Thursday, September 23, 2010

Coordination in Distributed Systems

I have recently read several papers on services that provide coordination for distributed systems. This turns out to be a fascinating area, and as I read each paper, I found myself getting sucked into more. I group these papers into two different categories: one type involves services that provide mechanisms for distributed coordination (including ZooKeeper, Chubby, and Sinfonia); the other involves protocols that guarantee certain properties despite various types of failures (such as Paxos, PBFT, Aardvark, and Zab).

The high-level papers describe specific services for distributed coordination. A group of servers (five seems to be a popular number) communicate with each other and agree on state. Clients communicate with one or more of these servers to read or modify this global state. The main property is that if one or two of the five servers fail, the others can keep the service running, even if the "leader" fails. Various guarantees about consistency may be provided--not only is consistency difficult to achieve in the event of different types of failures, but being able to tolerate failures usually requires sacrificing performance.

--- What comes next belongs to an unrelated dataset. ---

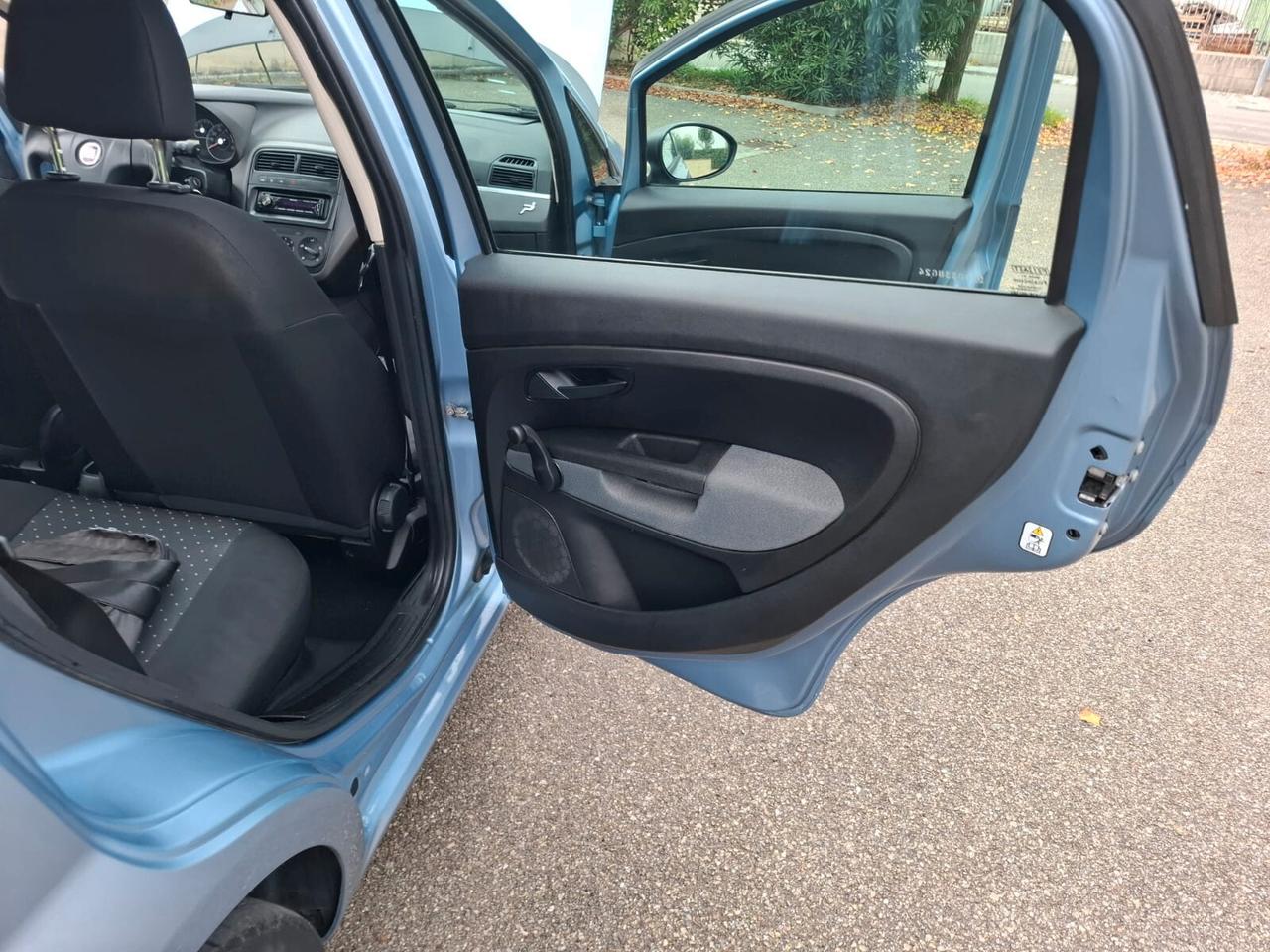 Fiat Grande Punto 1.2 5 porte SOLAMENTE 129.000 KM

I was very impressed by the work that has been done in this area.

The low-level papers were also fun. Protocols are designed to withstand Byzantine faults, which seem to encompass just about anything that can go wrong in a distributed system, including crashed servers, lost or repeated messages, corrupted data, and inconsistencies. The Practical Byzantine Fault Tolerance (PBFT) algorithm, introduced in 1999, seems to have launched a whole range of fascinating research. It reminds me of security in that cynical thinking is critical.